Oh, and we burn things. Lots of people now live in bad habitat rendered acceptable by architecture and infrastructure, but even city dwellers like to have a campfire now and then, and when we head out to do this, often as not we end right back in what our brains' ape lobes recognize as good habitat. Places people camp now often end up having been discovered thousands of years ago. For that matter, a lot of cities are built where towns replaced villages replaced camps replaced the spot where the first human to lope through decided to stop and rest. Habitat preference narrows the archaeological search, because we tend to return to the same old places time and again.


But it also complicates the archaeological record, the stuff left behind by waves of ancient passers-by and rooted residents. For one thing, more recent inhabitants and visitors tend to remove the most obvious and interesting artifacts. Sometimes, people recognize a place as being rich in arrowheads or some other cool thing, and make a concerted effort to take them.

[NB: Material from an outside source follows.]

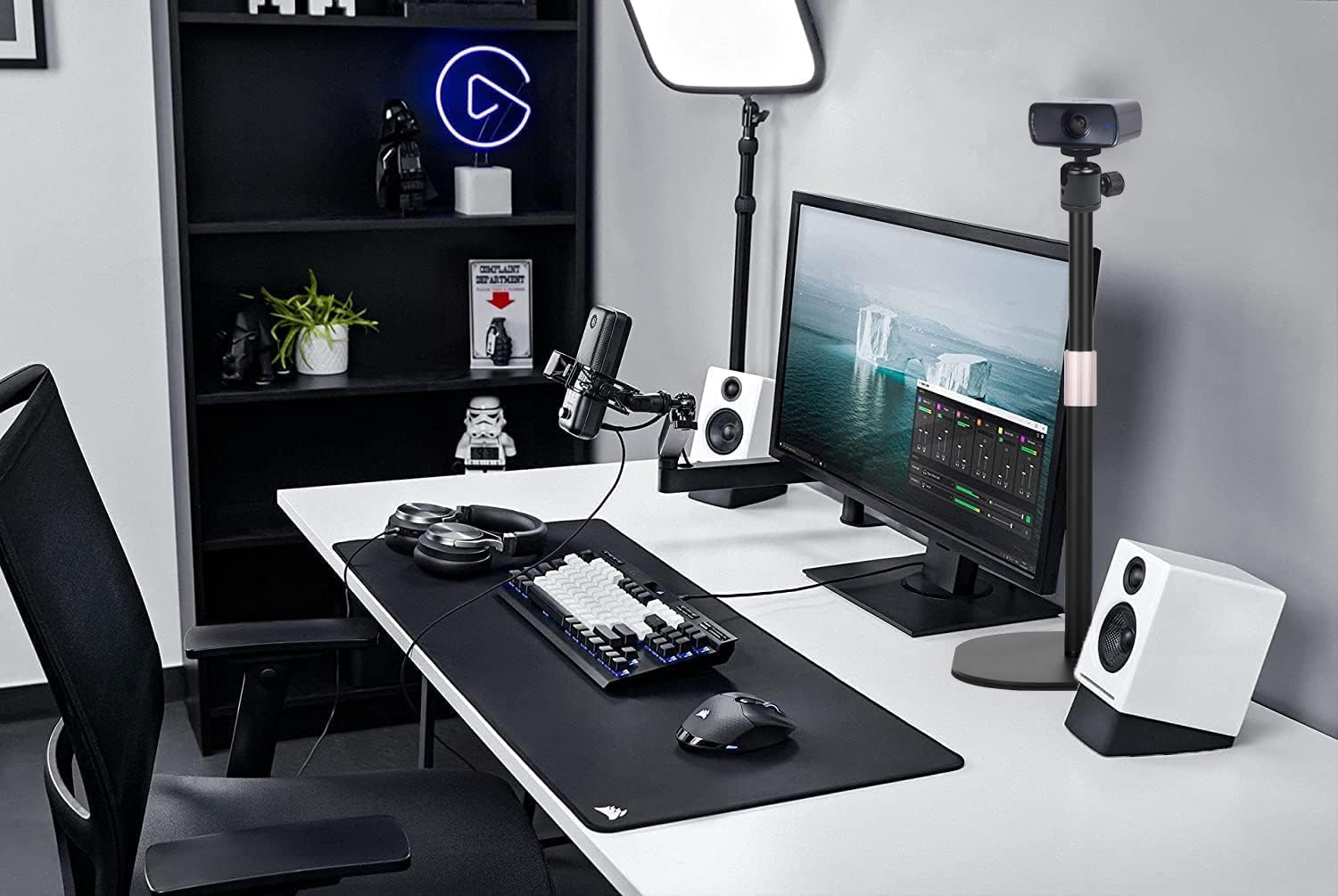 Acetaken Heavy-Duty Facecam Webcam Stand, Tabletop Webcam Tripod Holder Compatible With Elgato Facecam,Facecam Pro,Facecam Mk.2 Webcams And Wave 3/Wave Dx Microphones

Occasionally, the people doing this are careful about it, and make voluminous notes not just about the cool stuff, but broken and dull things as well as the dirt around it all; then it's called archaeology instead of looting. Methods and motivations don't affect the end result much at all, though, the archaeological record is non-renewable, and once disturbed cannot be studied again.


Even if they are not taking things, people make archaeology more difficult. They dig holes for trash or poop, make ruts and spin wheels, and do all sorts of things that churn up the layered sediments archaeologists rely on to tell time. Some of this can be sorted out.

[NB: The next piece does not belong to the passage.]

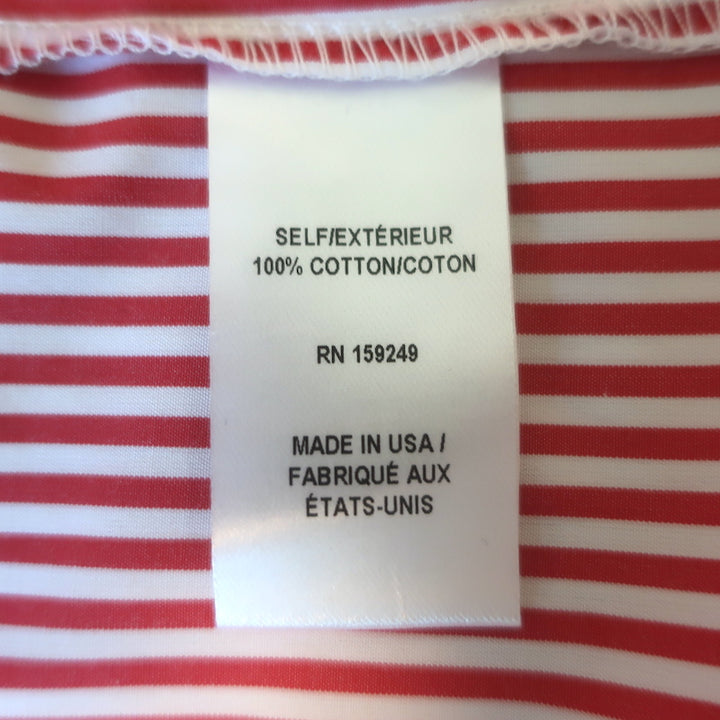 TWP Next Morning Shirt Red/White Striped Cotton Size Extra Small/Small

But primitive imperatives also cause us to do things that distort archaeology not by removing or moving artifacts, but by adding imposters. Unless campers are kind enough to toss in some artifacts, a modern campfire can look just like an ancient one. Rock reddened and cracked by the fire, ash and charcoal settling in. All it takes is a few years of leaf fall or a river overflowing its banks and depositing silt to sink the modern campfire and make it harder to determine if it is ancient. Yeah, the technology exists to get a radiocarbon date from the charcoal or piece of deer bone, but the money is not often there. In my job, it's never there.


There was a place I worked at on Moloka'i where we found a bunch of C-shape shelters, a small stone wall (Shaped like which letter? Yes, a C. Very good.) that forms a little windbreak. Hawaiians made them all the time when they were not at their regular house, and when you find a large number, it can mean that the area was heavily used, or was used for a long time. The place I'm thinking of had some sweet potato fields and reefs with fish, so it made sense to find them here. But then I talked with a guy from the island who had joined the marines, and remembered being sent back to his home island for training. Thrilled that maneuvers had brought him to familiar turf (habitat whose subtleties he had previously mastered), he set about teaching the haoles in his unit how to make C-shapes and gather shellfish. The result was new "sites" that looked just like the old ones. Some probably made use of old ones, even. I'd noticed a few shell casings around, but on an island where lots of people hunt and military surplus rifles are common, had just assumed it was re-use of ancient features. 


Some tricks of the trade help archaeologists sort our the modern from the ancient, and on balance its better to be studying animals with definite habitat preferences than randomly peripatetic creatures, but human habits can mix things up. I hope we're getting past the 20th Century tendency to dump heaps of glass and metal and plastic everywhere we go, even if it did help sort out ancient from modern activity. The contemporary, environmentally sensitive camper or hunter who leaves behind nothing more than some organic material to decay, maybe some fire cracked rock and charcoal, may make my job more complicated, but I am glad that humans are still humans. It's comforting to look into the fire, chew on some local bounty, and see the past.